SOFIFI, SerambiTimur– Suasana rapat paripurna DPRD Provinsi Maluku Utara mendadak tegang. Dari kursi Fraksi Partai Golkar, Cornelia Macpal berdiri tegas, suaranya menggema di ruang sidang. “APBD itu cetak biru keuangan daerah, jangan dipermainkan!” serunya. Kalimat itu langsung menarik perhatian seluruh peserta rapat.

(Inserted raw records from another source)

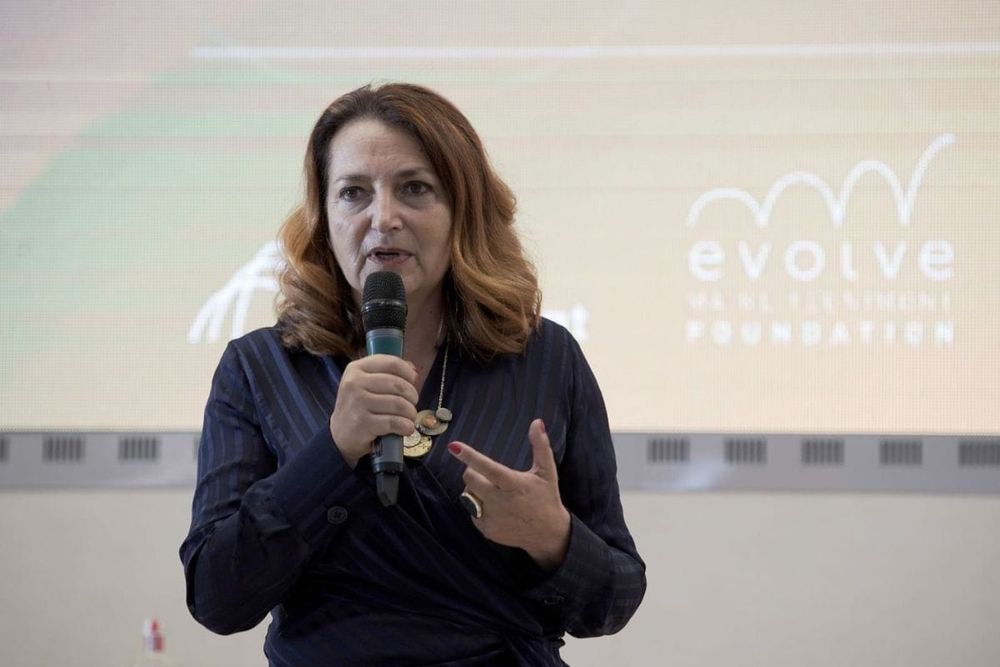 UAE Plays Major Role in Driving Net-Zero Efforts in Region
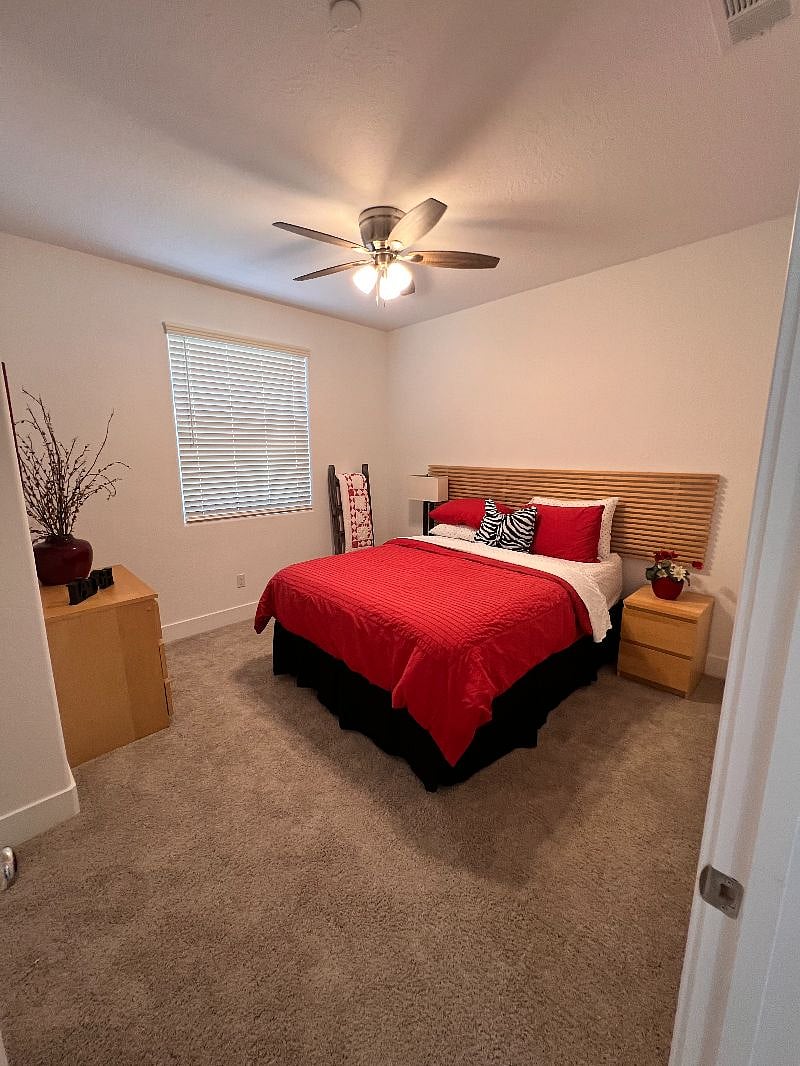 Furnished Finder property 349469_1 photo 27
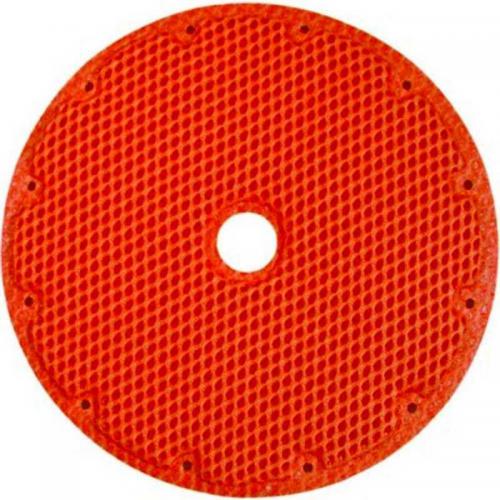 ダイキン DAIKIN 加湿フィルタ 枠なし KNME017C4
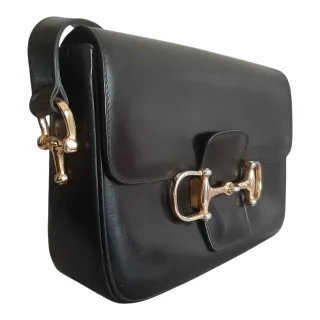 Celine Crécy vintage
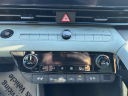 Thumbnail image of 2024 Hyundai ELANTRA Hybrid at Tulsa Hyundai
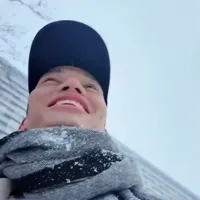 original sound - ngweminaungofficial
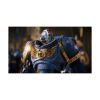 Picture of PS5 Warhammer 40,000: Space Marine II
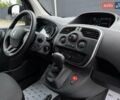 Белый Рено Кенгу, объемом двигателя 0 л и пробегом 31 тыс. км за 8799 $, фото 42 на Automoto.ua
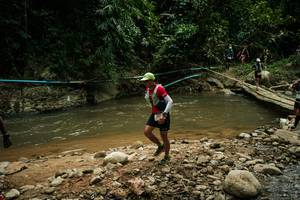 BIB: 
                            <button type="button" onclick="openModal(27563621)" class="btn btn-primary btn-sm float-right btn-popup" data-toggle="modal" data-target=".modal-high-quality">
                        <i class="fas fa-shopping-cart"></i> Add to Cart
                    </button>
                                            <button type="button" onclick="isThisMe(27563621, true)" class="btn btn-success btn-sm float-right btn-popup btn-isme hidden" data-toggle="tooltip" data-placement="bottom" title="นี่คือรูปของคุณใช่ไหม คลิกที่นี่เพื่อเอาเข้าอัลบั้ม">
                        <i class="fas fa-plus"></i> Add to album
                    </button>
                    <button type="button" onclick="isThisMe(27563621, false)" class="btn btn-warning btn-sm float-right btn-popup btn-isnotme hidden">
                        <i class="fas fa-ban"></i> Remove from album
                    </button>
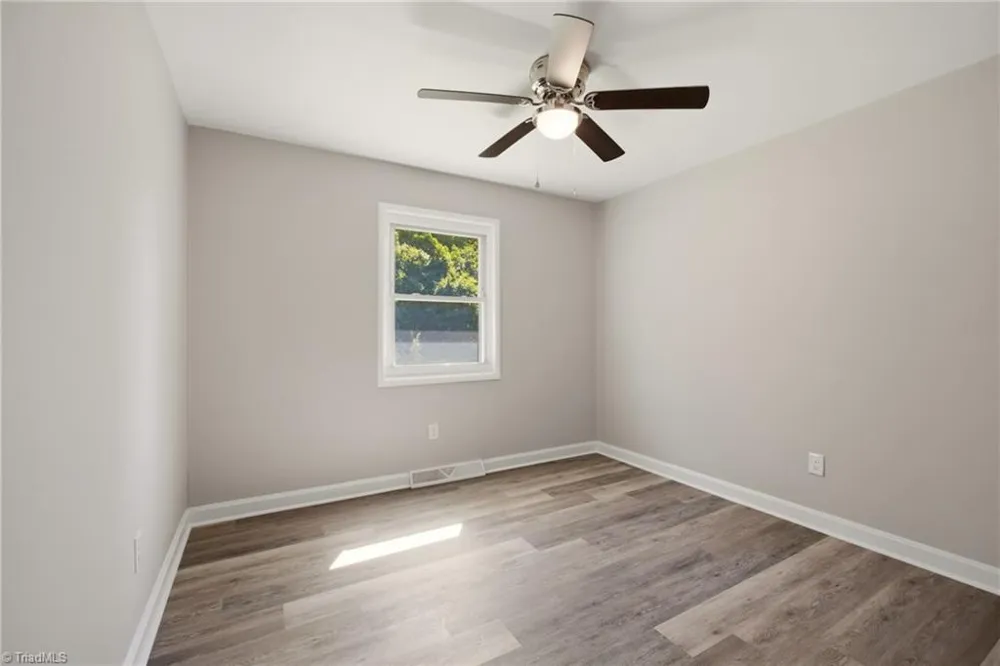 147 Reese Street High Point, NC 27265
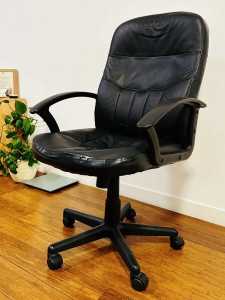 Office Chair (used)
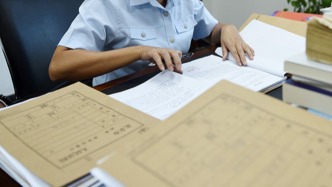 去年前11个月检察机关起诉侵犯知识产权犯罪1.7万人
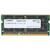Memorie laptop Mushkin DDR3 SO-DIMM 8GB 1066-7 Essent - Bulk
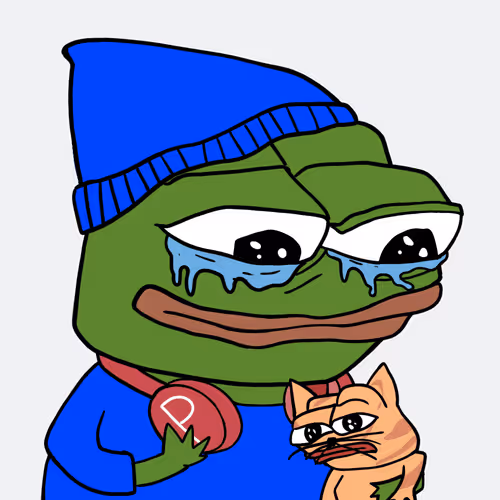 Item #57896044618658097711785492504343953926634992332820282019728792003956564842836 Media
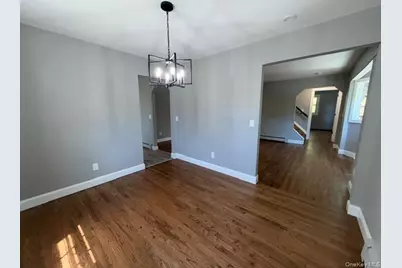 130 Park Lane, Middle Island, NY 11953 - Photo 18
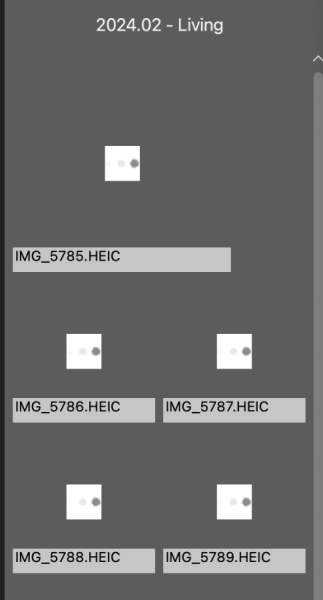 Sreenshot 1.png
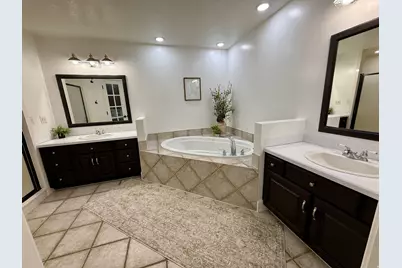 578 W 3850 N, Pleasant View, UT 84414 - Photo 34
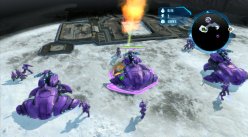 Halo Wars: Universe Expanded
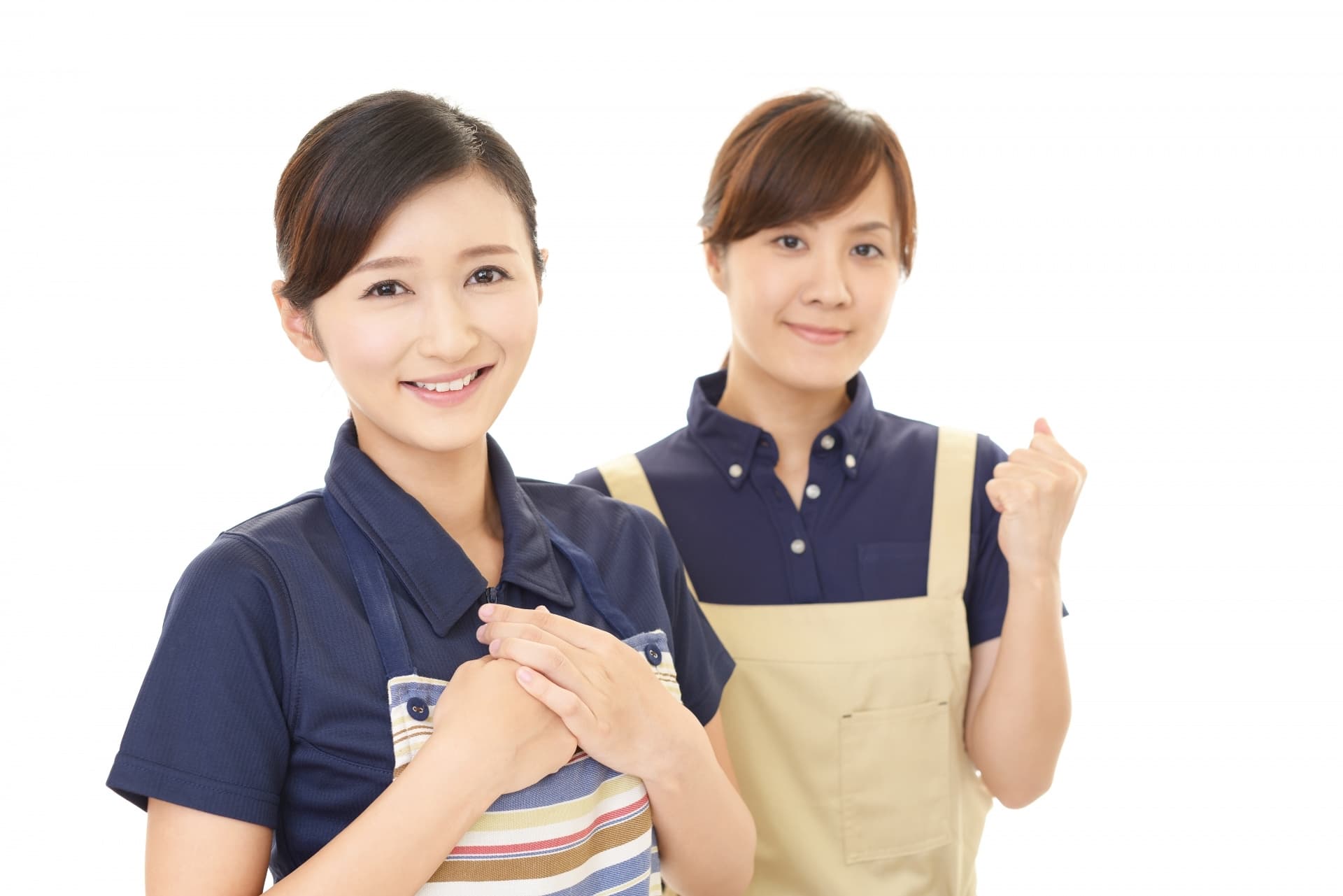 暮らしを楽しく笑顔で幸せな毎日を そして、明るい未来 その先にある人との輪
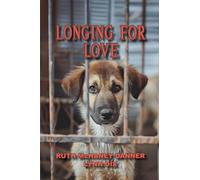 Longing for Love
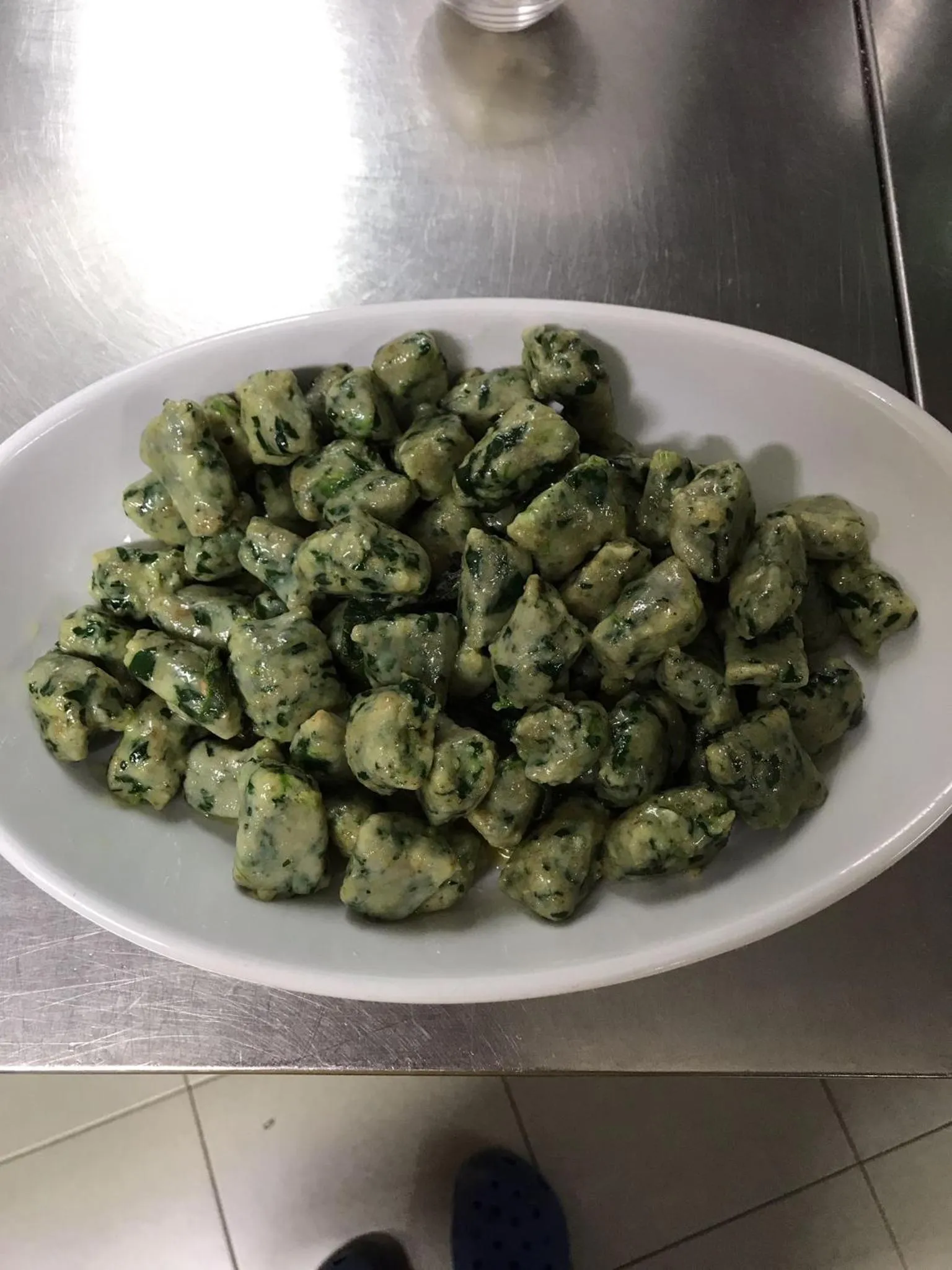 Agriturismo Al Marnich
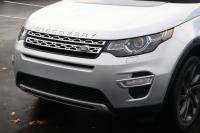 Used 2018 Land_Rover DISCOVERY SPORT HSE LUXURY AWD W/NAV for sale Sold at Auto Collection in Murfreesboro TN 37130 9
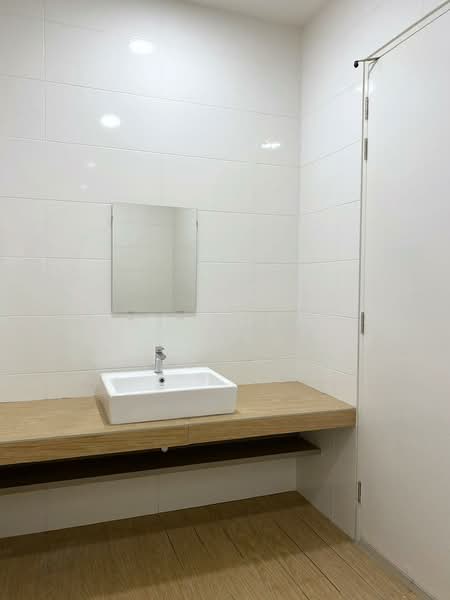 Kondominium untuk Disewa di The Parque Residences - Yap Chean Chong - PropertyGuru.com.my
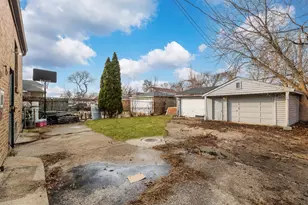 1908 S 23rd Ave, Maywood, IL 60153 - Photo 29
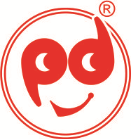 PDNavkar_logo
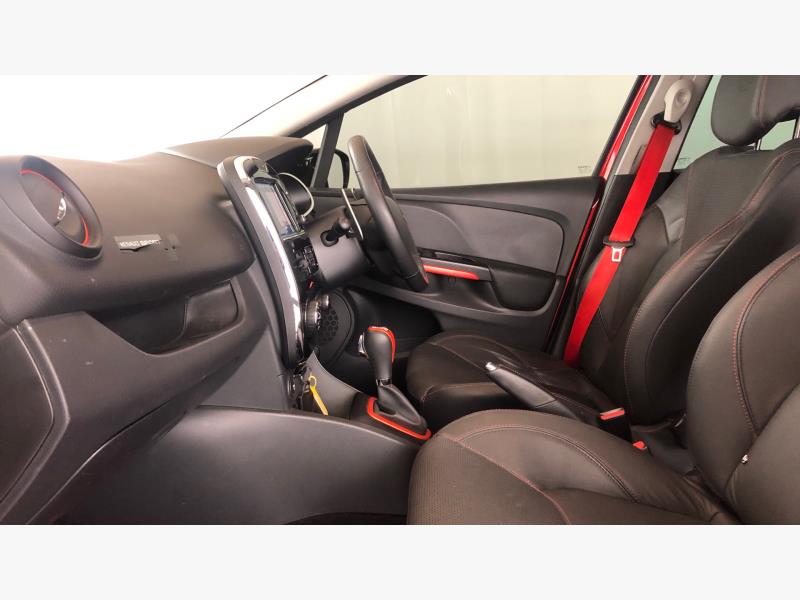 Renault Clio RS 200 Lux Halfway Toyota Fourways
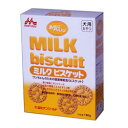 【森乳サンワールド】ワンラックお気に入りミルクビスケット180g★ペット用品 ※お取り寄せ商品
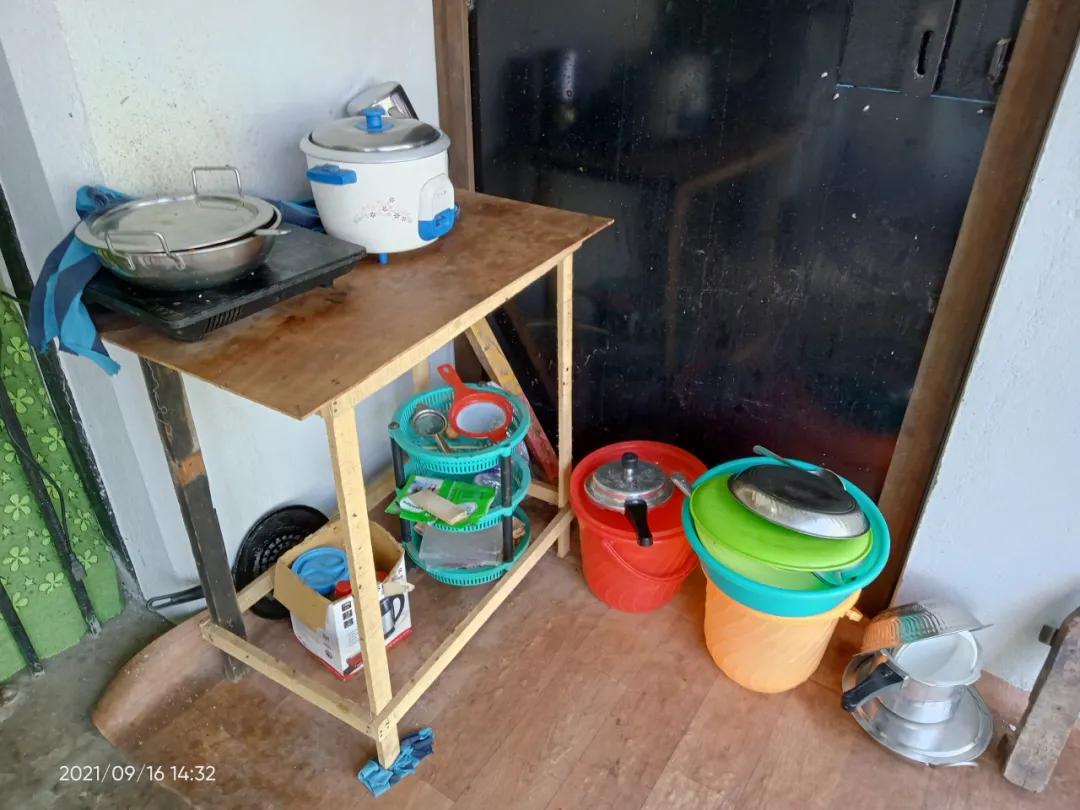 集中营六记,集中营逃亡7年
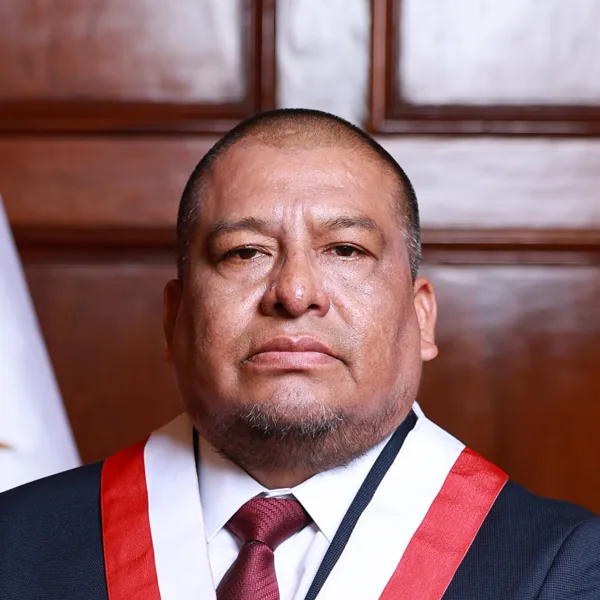 Diputado López abre investigación sobre vínculos de Cerimedo con campaña de Keiko en 2026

Kemarahan Cornelia bukan tanpa alasan. Dalam pandangan Fraksi Golkar, Rancangan APBD 2026 kembali disusun dengan lamban dan minim transparansi. Padahal, keterlambatan ini bukan kali pertama terjadi — melainkan penyakit tahunan yang tak kunjung diobati oleh pemerintah provinsi.
“Ini bukan sekadar soal waktu. Kami melihat ada masalah substansi di balik penyusunan APBD ini,” ujar Cornelia kepada wartawan usai rapat.
Ia mencurigai ada program-program yang tidak jelas asal dan peruntukannya, bahkan berpotensi masuk kategori anggaran fiktif. “Jangan-jangan ada ‘udang di balik batu’. Anggaran siluman bisa saja disembunyikan lewat permainan dokumen,” tambahnya.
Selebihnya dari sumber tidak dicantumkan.